Felixounavirus

Virus classification
- (unranked): Virus
- Realm: Duplodnaviria
- Kingdom: Heunggongvirae
- Phylum: Uroviricota
- Class: Caudoviricetes
- Order: Caudovirales (abolished 2021)
- Family: Myoviridae
- Subfamily: Ounavirinae
- Genus: Felixounavirus

= Felixounavirus =

Genus of viruses

Felixounavirus (synonyms: FelixO1likevirus, and Felixounalikevirus) is a genus of viruses in the order Caudovirales, in the family Myoviridae. Bacteria serve as natural hosts, with transmission achieved through passive diffusion. There are currently 16 species in this genus, including the type species Salmonella virus FelixO1.

==Taxonomy==
The following species are recognized:
- Escherichia virus Alf5
- Escherichia virus AYO145A
- Escherichia virus EC6
- Escherichia virus HY02
- Escherichia virus JH2
- Escherichia virus TP1
- Escherichia virus VpaE1
- Escherichia virus wV8
- Salmonella virus BPS15Q2
- Salmonella virus BPS17L1
- Salmonella virus BPS17W1
- Salmonella virus FelixO1
- Salmonella virus Mushroom
- Salmonella virus Si3
- Salmonella virus SP116
- Salmonella virus UAB87

==Structure==
Viruses in Felixounavirus are non-enveloped, with head-tail geometries. The diameter is around 73 nm. The tail is around 17 nm wide, 113 nm long, with six long straight terminal fibers and a baseplate. The tail sheath presents a criss-cross pattern with no transverse striations. Genomes are linear, around 86kb in length. The genome codes for 131 proteins.

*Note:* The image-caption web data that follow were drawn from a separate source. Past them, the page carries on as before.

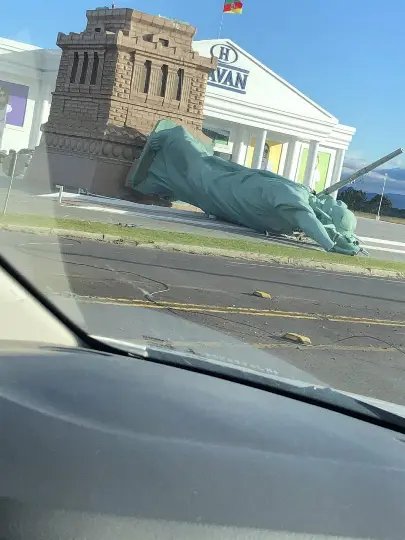 Est&aacute;tua de loja da Havan cai e viraliza na internet
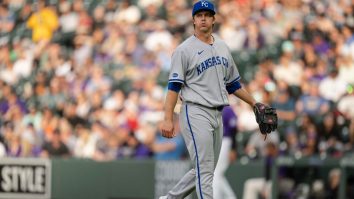 Zack Greinke Going Viral For Allegedly Pretending To Sign A Kid’s Ball Then Throwing It As Far As Possible Just For Fun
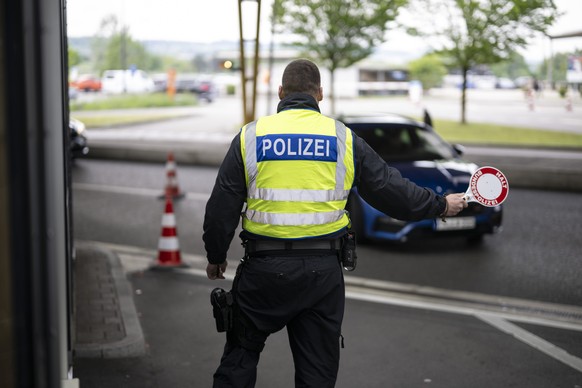 Ein deutscher Bundespolizist steht am Zollamt Konstanz-Autobahn an der Grenze zwischen Kreuzlingen in der Schweiz und Konstanz in Deutschland, aufgenommen am Freitag, 9. Mai 2025. (KEYSTONE/Gian Ehren ...
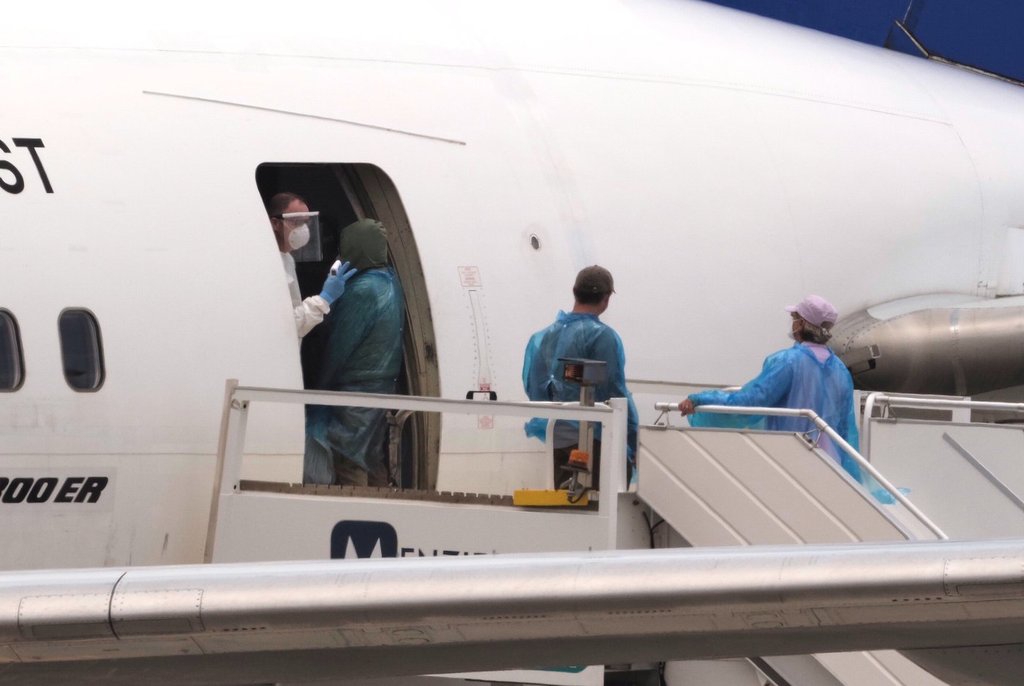 Four Canadians Head To B.c. To Isolate From Hantavirus Cruise - Beritaja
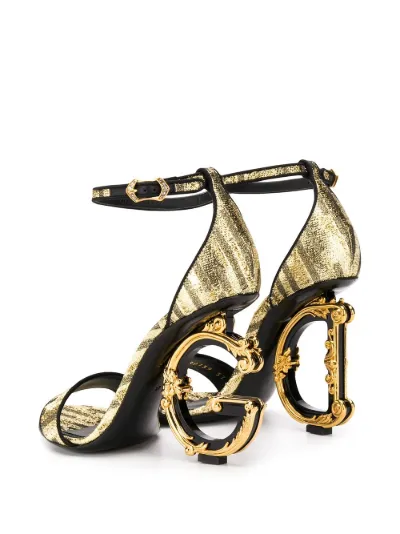 Il sandalo scultoreo della nuova collezione DNA di Dolce \u0026 Gabbana diventa  virale - Scarpe Magazine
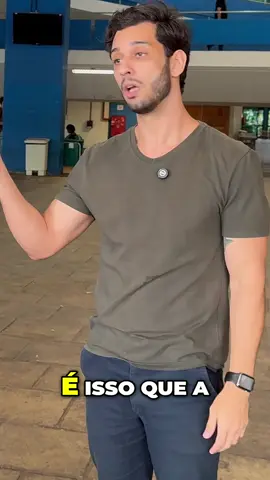 Limpando a Política Removendo a Sujeira com Nossos Impostos! . . . . #parasuapágina #política #usp #esquerda #direita #paraalula #paraapt #foryoupage #tik_tok #viralvideos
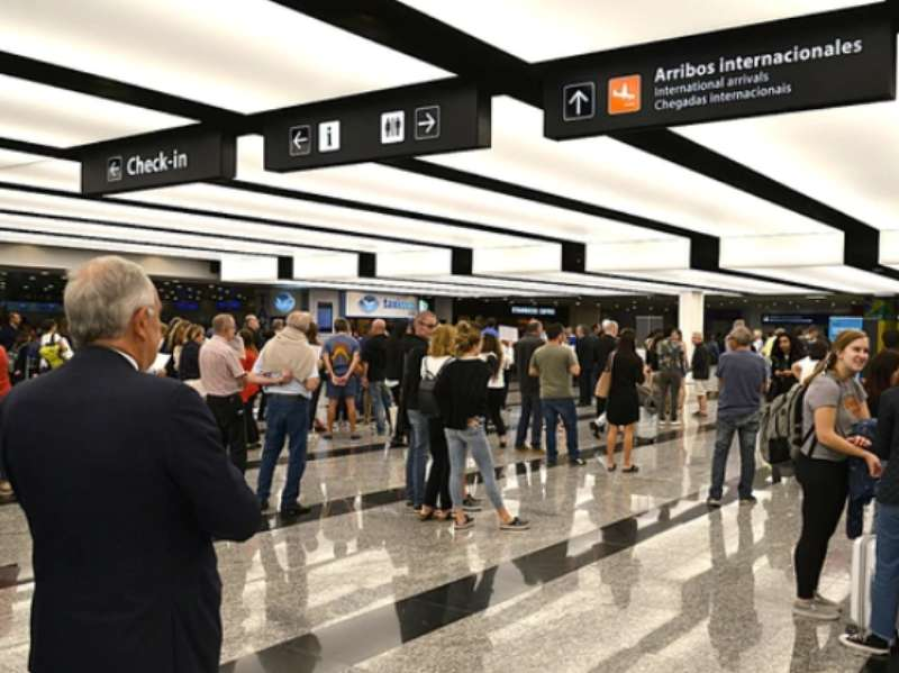 Coronavirus: el Gobierno reforzará la presencia de fuerzas de seguridad en aeropuertos y fronteras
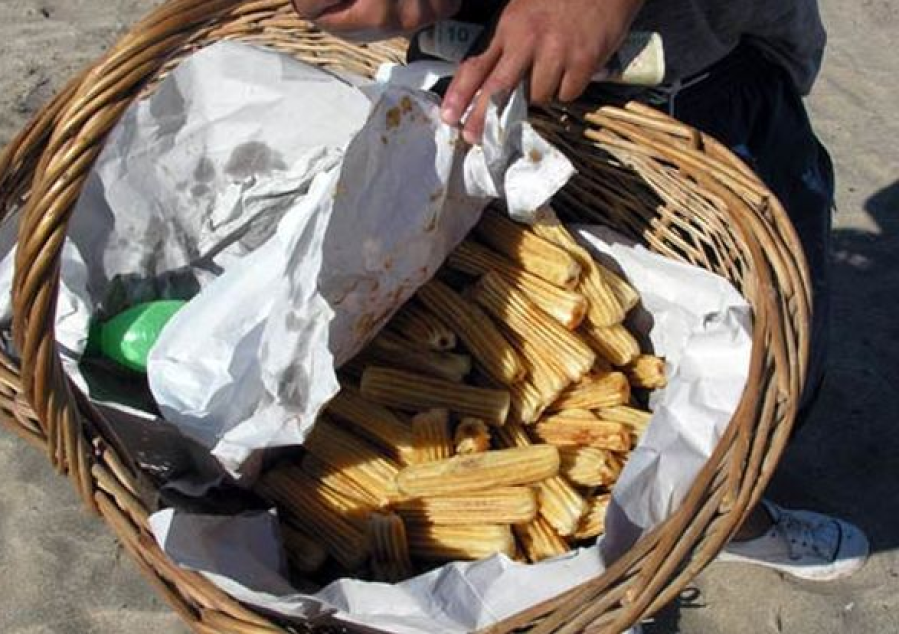 ”Sentía vergüenza”: vendía churros a los 12 años con su hermano, tenían un ”sexto sentido” y su recuerdo se volvió viral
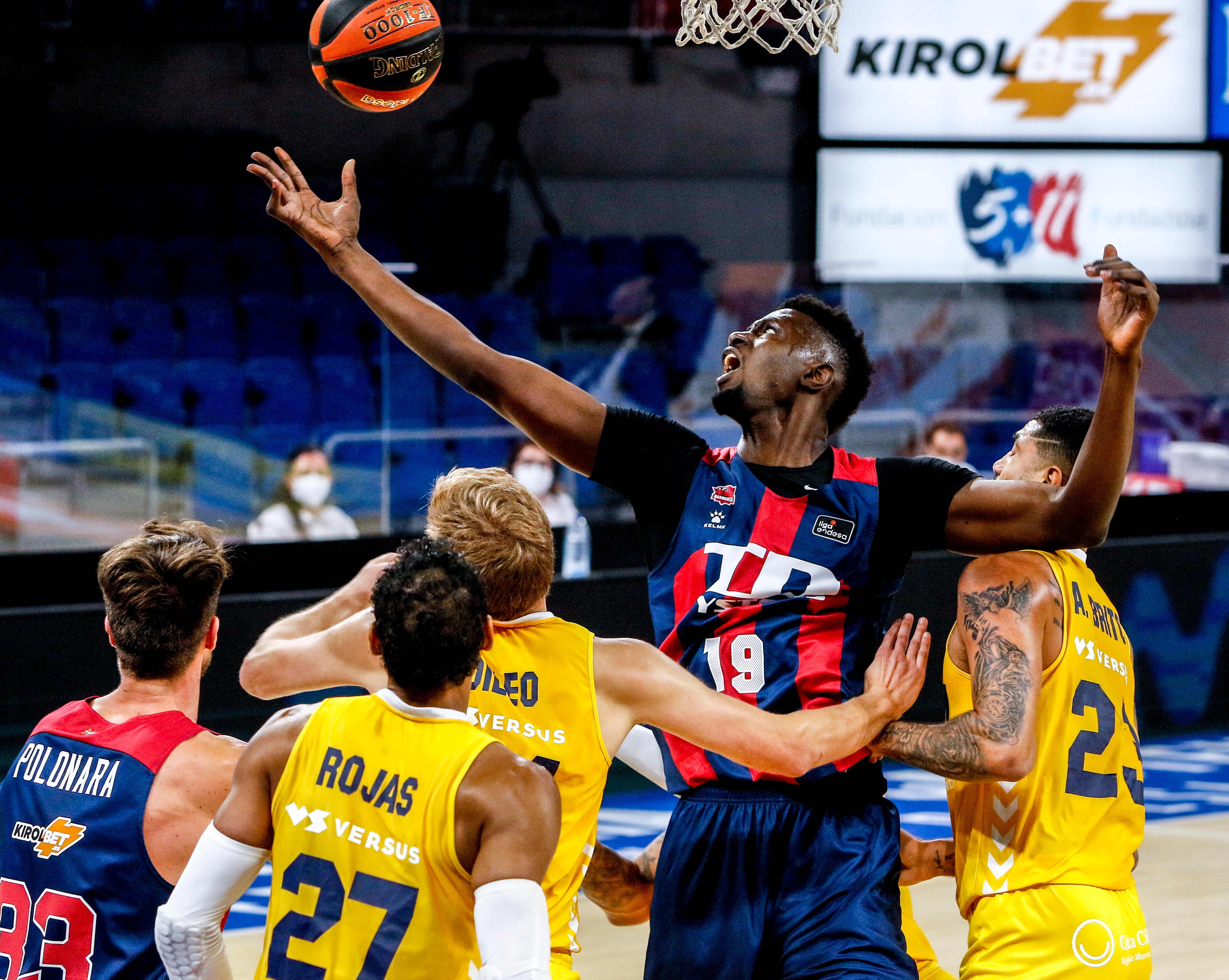 Fotos: Las mejores imágenes del Baskonia-UCAM Murcia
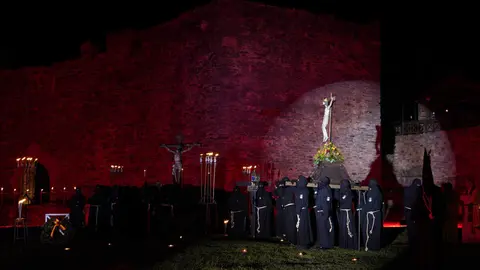 Viacrucis penitencial en el Castillo de los Templarios de Ponferrada con las imágenes del Cristo de  la Esperanza y el Cristo de la Fortaleza. Foto: César Sánchez.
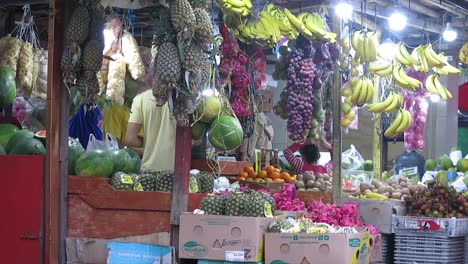 Comerciantes-Tradicionales-De-Frutas-Del-Mercado-Durante-La-Pandemia-Del-Virus-De-La-Corona,-Covid-19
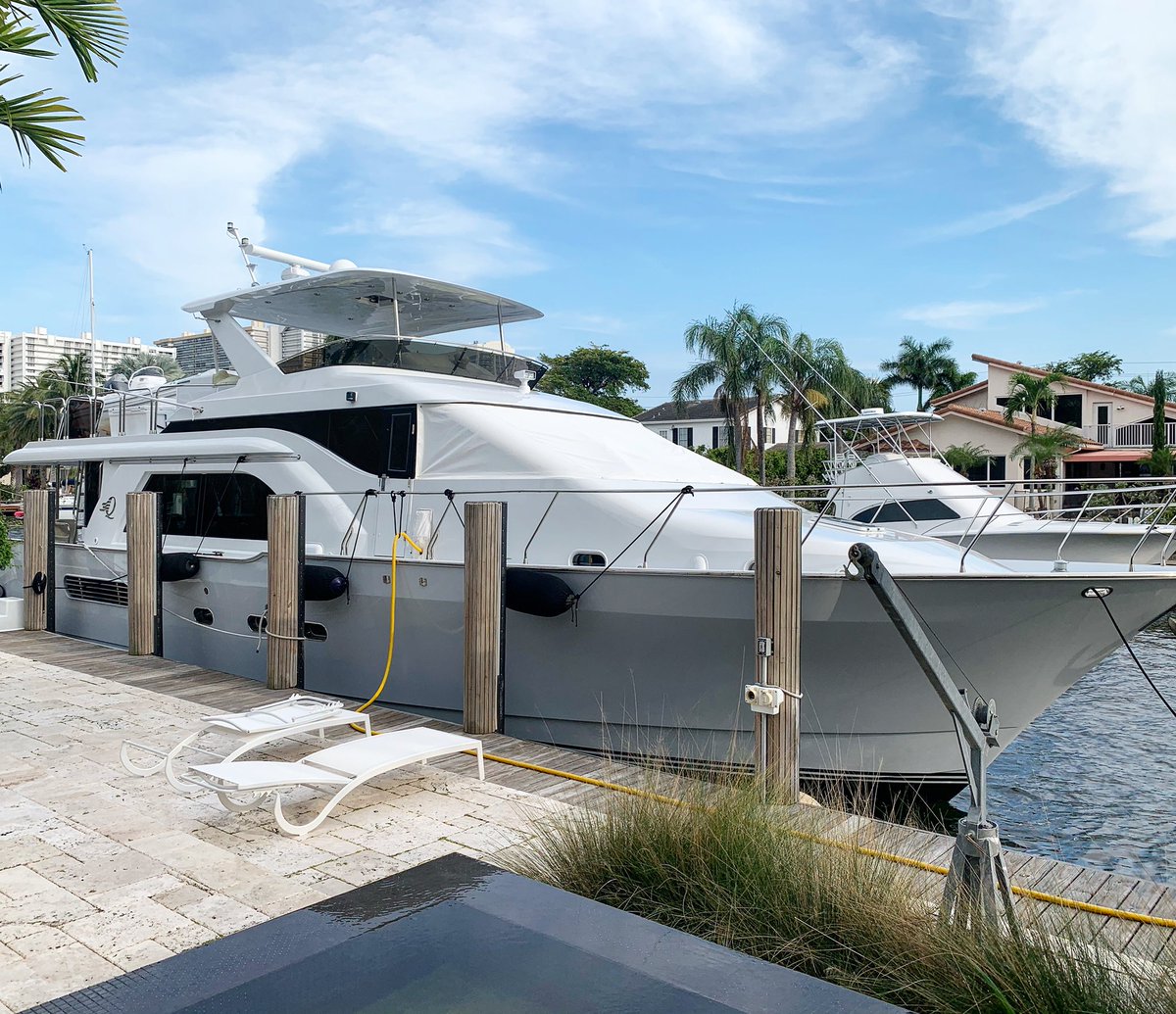everprosofla's tweet photo. Our EPA registered disinfectant cleaning solutions are safe on all surfaces even yacht interiors! Planning a trip soon? Call us for our deep cleaning program that focuses on all high-touch surfaces! 🦠

#everprorestoration #sanitizing #deepcleaning #covid19 #coronavirus https://t.co/lo7WXH6Ebc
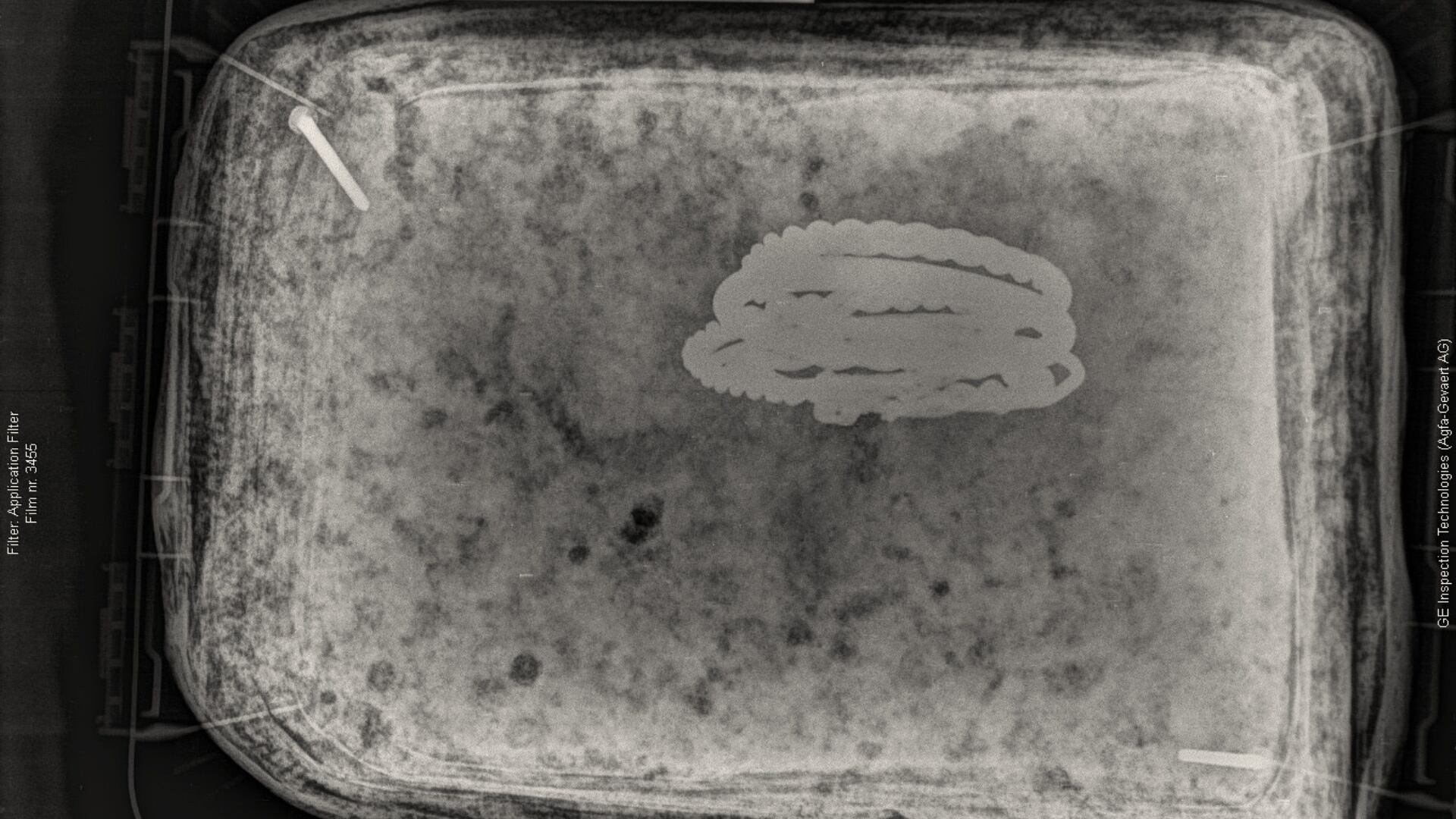 Los arqueólogos analizan imágenes de la zona donde fue hallado el tesoro vikingo.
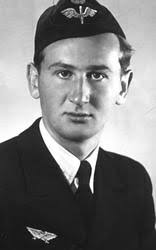 F6 Karlsborg 1940. Det lätta bombplanet B4 Hawker Hart med F4:a märkning,  utanför den så kallade B3-hangaren. Under siffran 4 på flygplanskroppen  finns barlastvikter av bly och via en genomgående stång även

| Genus | Structure | Symmetry | Capsid | Genomic arrangement | Genomic segmentation |
|---|---|---|---|---|---|
| Felixounavirus | Head-Tail |  | Non-enveloped | Linear | Monopartite |

==Genome==
All three species have been fully sequenced and are available from ICTV, including two strains of Erwinia phage phiEa21-4. They range between 84k and 89k nucleotides, with 118 to 140 proteins. The complete genomes are available from here.

==Life cycle==
The virus attaches to the host cell using its terminal fibers, and ejects the viral DNA into the host cytoplasm via contraction of its tail sheath. Viral replication is cytoplasmic. DNA-templated transcription is the method of transcription. Once the viral genes have been replicated, the procapsid is assembled and packed. The tail is then assembled and the mature virions are released via lysis.

| Genus | Host details | Tissue tropism | Entry details | Release details | Replication site | Assembly site | Transmission |
|---|---|---|---|---|---|---|---|
| Felixounavirus | Bacteria | None | Injection | Lysis | Cytoplasm | Cytoplasm | Passive diffusion |

==History==
According to the ICTV's 2010–11 report, the genus FelixO1likevirus was first accepted as a new genus, at the same time as all three of its contained species . The following year (2012), the name was changed to Felixounalikevirus. This proposal is available here. The genus was later renamed to Felixounavirus.